### Data under study

********************

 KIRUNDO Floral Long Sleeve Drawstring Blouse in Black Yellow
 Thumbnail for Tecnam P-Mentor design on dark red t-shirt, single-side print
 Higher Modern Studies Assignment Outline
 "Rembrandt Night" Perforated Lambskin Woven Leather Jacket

********************

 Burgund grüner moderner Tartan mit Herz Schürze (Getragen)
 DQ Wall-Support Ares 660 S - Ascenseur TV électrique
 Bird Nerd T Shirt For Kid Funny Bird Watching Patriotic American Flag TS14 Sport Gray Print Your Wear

********************

### Goal of the exercise
Of all the entries above, output exactly the lines between the one holding "Higher Modern Studies Assignment Outline" and the one holding "Woven Leather Jacket", inclusive.

### Result of the task
 Higher Modern Studies Assignment Outline
 "Rembrandt Night" Perforated Lambskin Woven Leather Jacket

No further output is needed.